**Data section**
═══
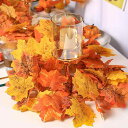 造花 紅葉 ガーランド フェイクグリーン 人工 モミジ つる リアル シルクフラワー インテリア装飾 ディスプレイ イベント パーティー ウェディング 店舗飾り...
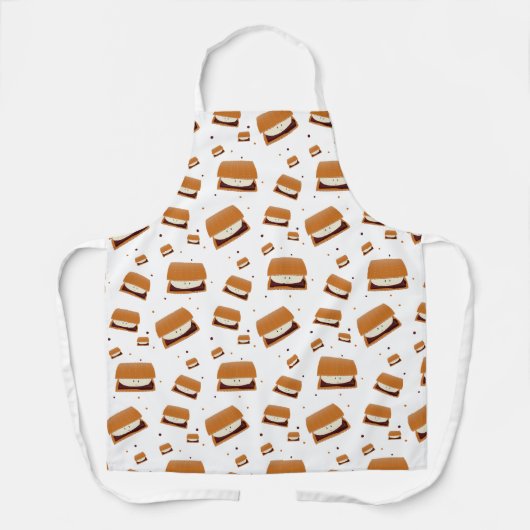 図解入りの、写真付きのBrown White Smiling S'More Pattern エプロン (正面)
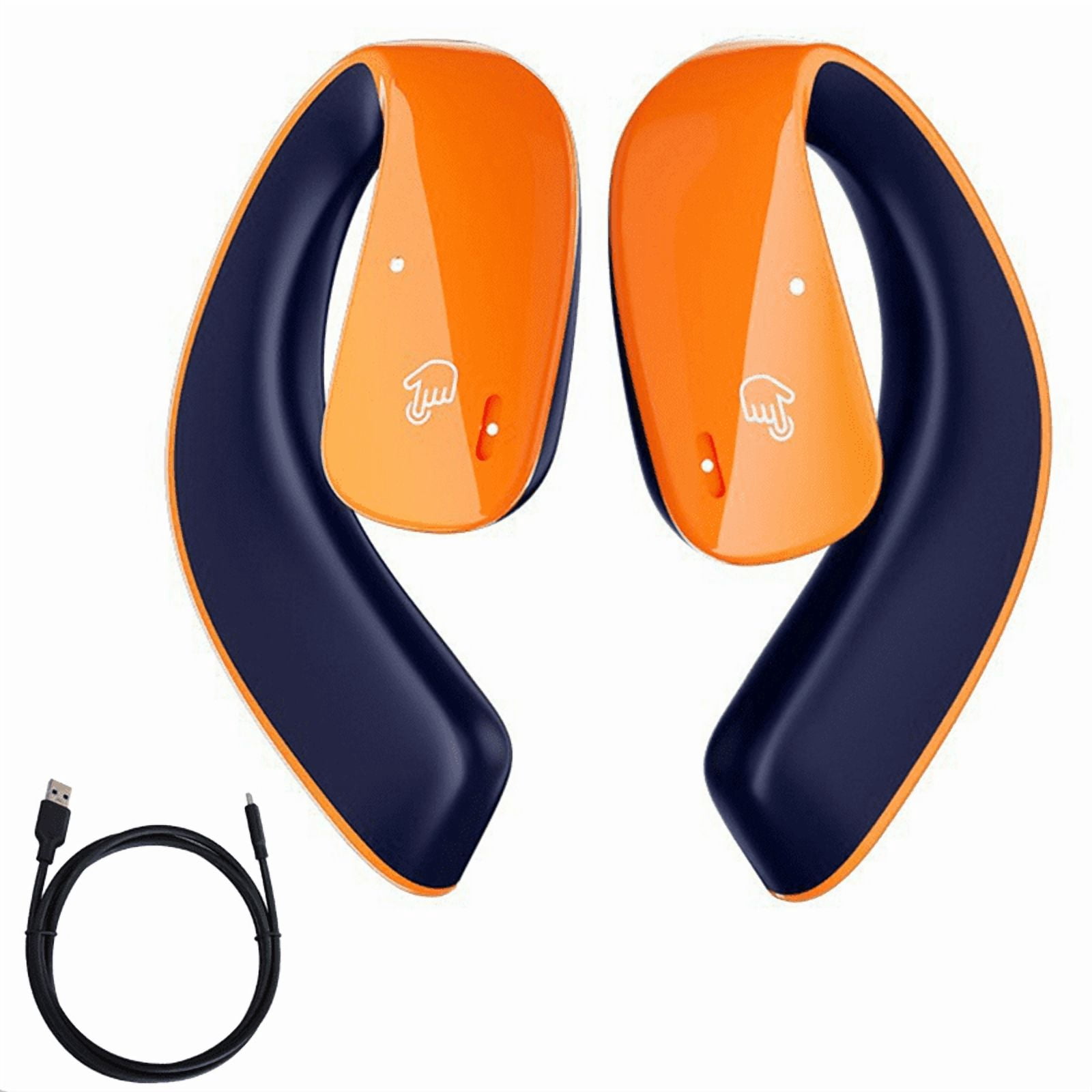 Bone Conduction Earphones 5.3 Earphones Bluetooth Wireless Sports Earbuds HiFi Stereo Waterproof Headphones,1 x Bone Conduction Earphones 1 x Charging Cable,Orange & Blue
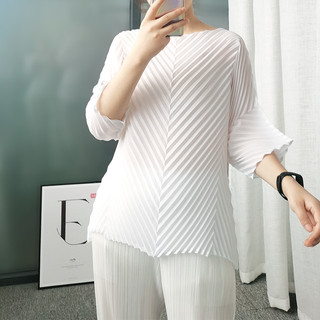Uma pessoa uma plissada S003 Issey Miyake topo 2026 primavera verão indústria pesada plissado solto moda tamanho grande 
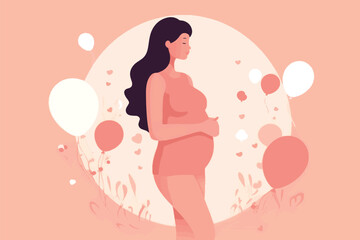 Beautiful pregnant woman banner with copy space, concept of pregnancy, parenthood, Card for design, Vector flat illustration on a light pink background. 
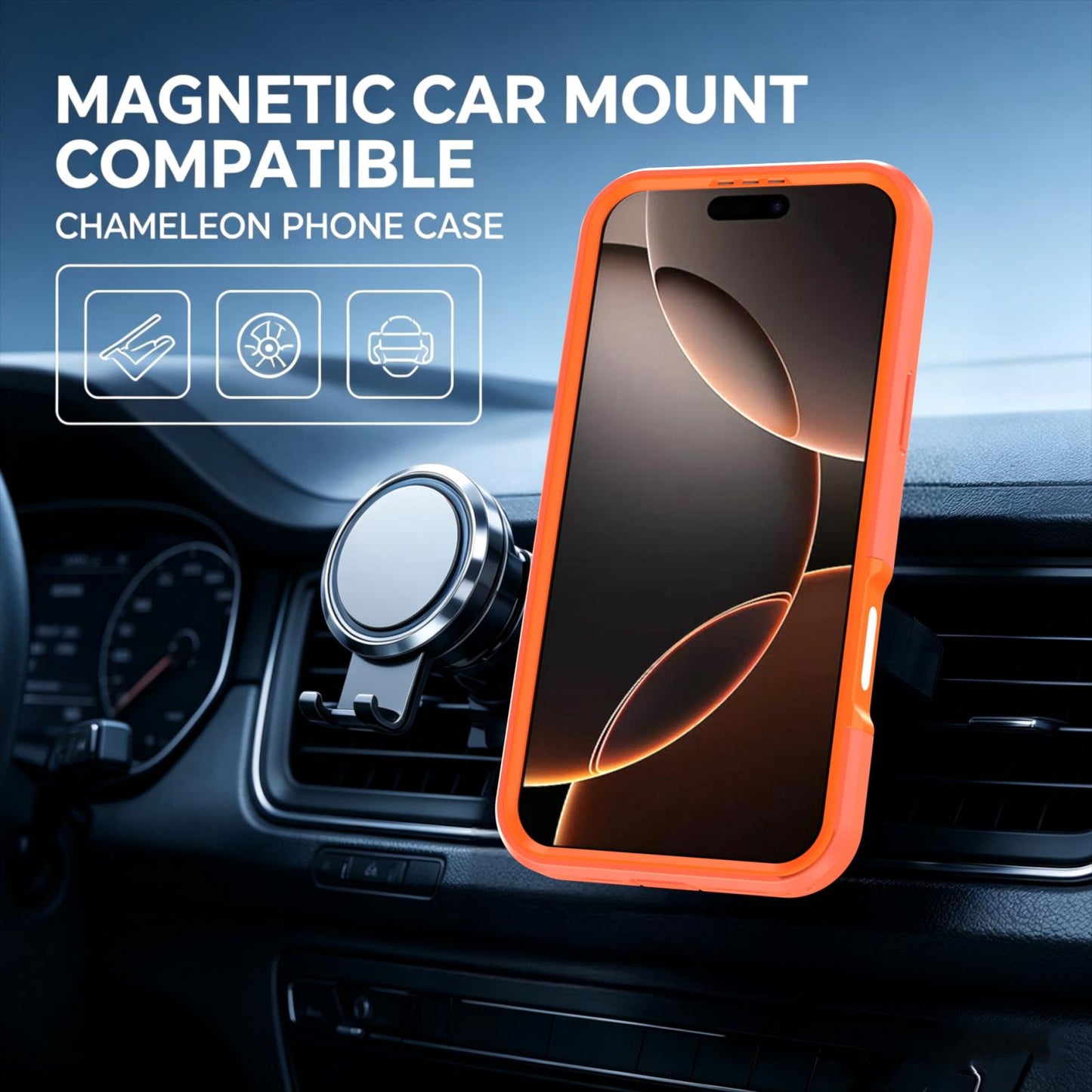 For iPhone 16 Silicone Magnetic Anti-drop Protective Phone Case with 360 Rotating Holder(Orange)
═══
**Exercise description**
Please print each record above again exactly, but omit any pictures.

**Exercise solution**
 造花 紅葉 ガーランド フェイクグリーン 人工 モミジ つる リアル シルクフラワー インテリア装飾 ディスプレイ イベント パーティー ウェディング 店舗飾り...
 図解入りの、写真付きのBrown White Smiling S'More Pattern エプロン (正面)
 Bone Conduction Earphones 5.3 Earphones Bluetooth Wireless Sports Earbuds HiFi Stereo Waterproof Headphones,1 x Bone Conduction Earphones 1 x Charging Cable,Orange & Blue
Uma pessoa uma plissada S003 Issey Miyake topo 2026 primavera verão indústria pesada plissado solto moda tamanho grande 
 Beautiful pregnant woman banner with copy space, concept of pregnancy, parenthood, Card for design, Vector flat illustration on a light pink background. 
 For iPhone 16 Silicone Magnetic Anti-drop Protective Phone Case with 360 Rotating Holder(Orange)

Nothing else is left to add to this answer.